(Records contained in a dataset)
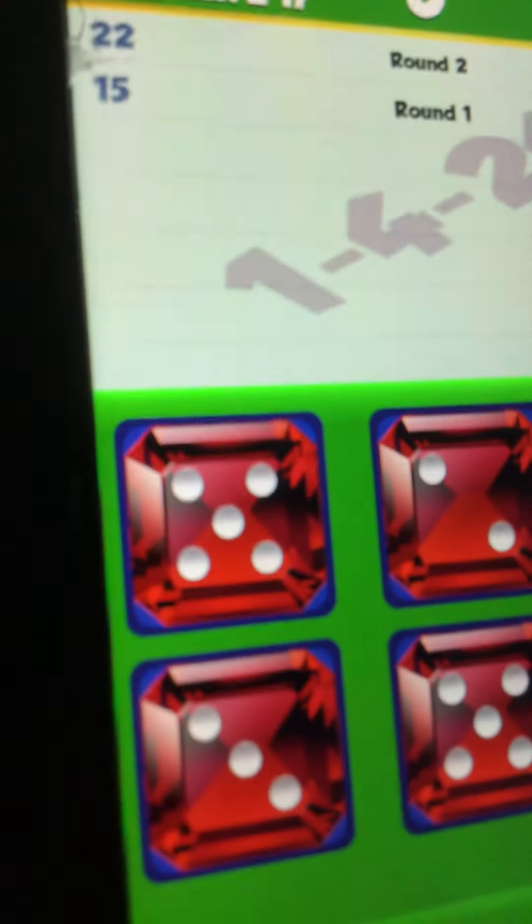Hey guys, so I'm listening to the Polar Express and playing Dice World. This is a quick video. It is really, really early.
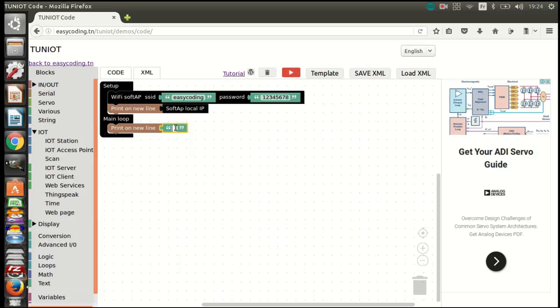I want also to display every 5 seconds the number of connected stations to my created network.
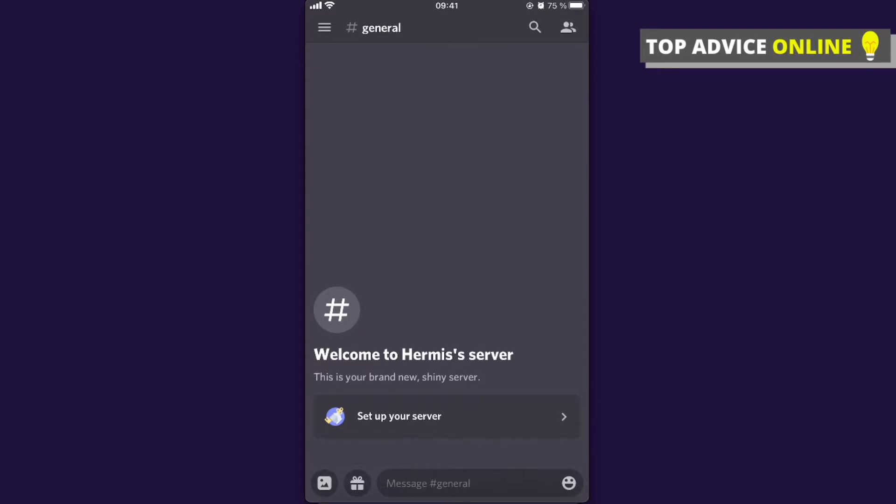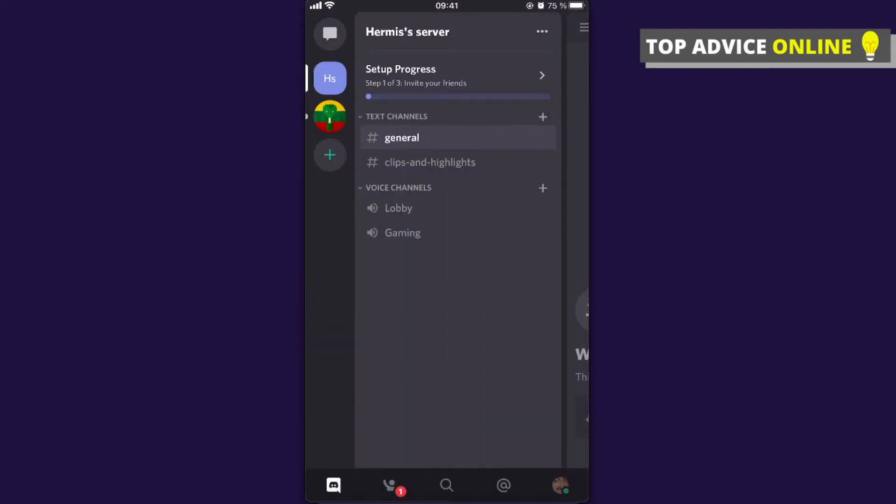If you are on the server, you should see similar windows. What you need to do here is press the three horizontal lines on the top left, and then on the bottom you should see a little person icon.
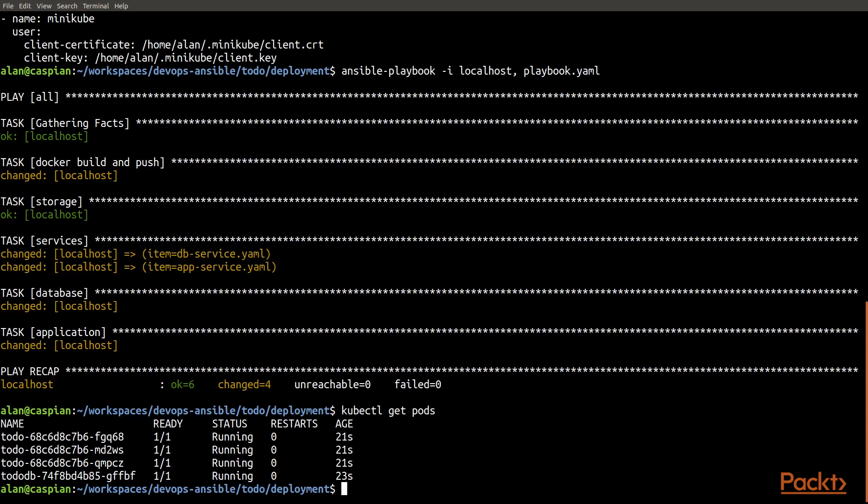And of course, with Ansible, that deployment is very easy to do. And we'll see how we can use it for things like rolling updates in a very simple and easy way. So that completes our look at Ansible connecting to Kubernetes and the k8s_raw module.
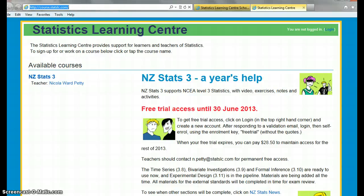Attention Year 13 Statistics students. This tool is really cool and it's free until the 30th of June. Get your free access, have a look at it, and then you'll be able to decide whether to pay for the externals.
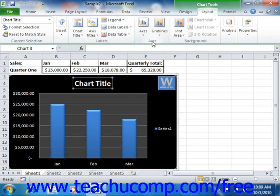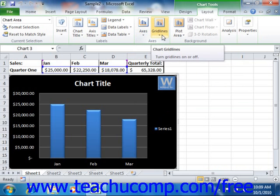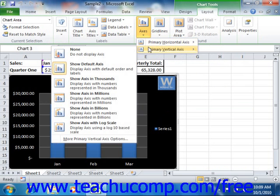First, select the chart or an element in the chart whose axes you wish to format. Next, you can click either the axes or grid lines buttons depending upon what you want to format. Then select which axis or axis grid lines you want to format by rolling over your desired choice in the drop-down menu that appears. You can then apply a selected formatting to the selected axis from the side menu that appears.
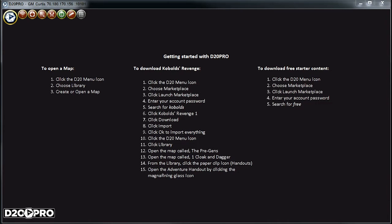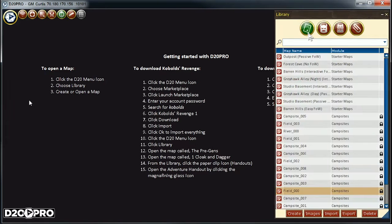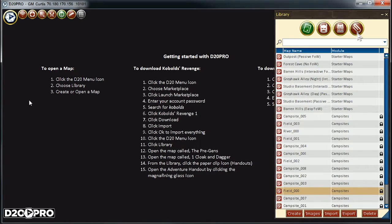So from the D20 Pro main menu, I will select Library. The library is where all maps, all creatures, all items, and all player handouts reside. In this video, we'll be focusing on the map library and the creatures library.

- Your assignment
Write the lines from the one containing "First, select the" through the end of the data above exactly as they appear, and do not carry over any picture.

- Result for this exercise
First, select the chart or an element in the chart whose axes you wish to format. Next, you can click either the axes or grid lines buttons depending upon what you want to format. Then select which axis or axis grid lines you want to format by rolling over your desired choice in the drop-down menu that appears. You can then apply a selected formatting to the selected axis from the side menu that appears.
So from the D20 Pro main menu, I will select Library. The library is where all maps, all creatures, all items, and all player handouts reside. In this video, we'll be focusing on the map library and the creatures library.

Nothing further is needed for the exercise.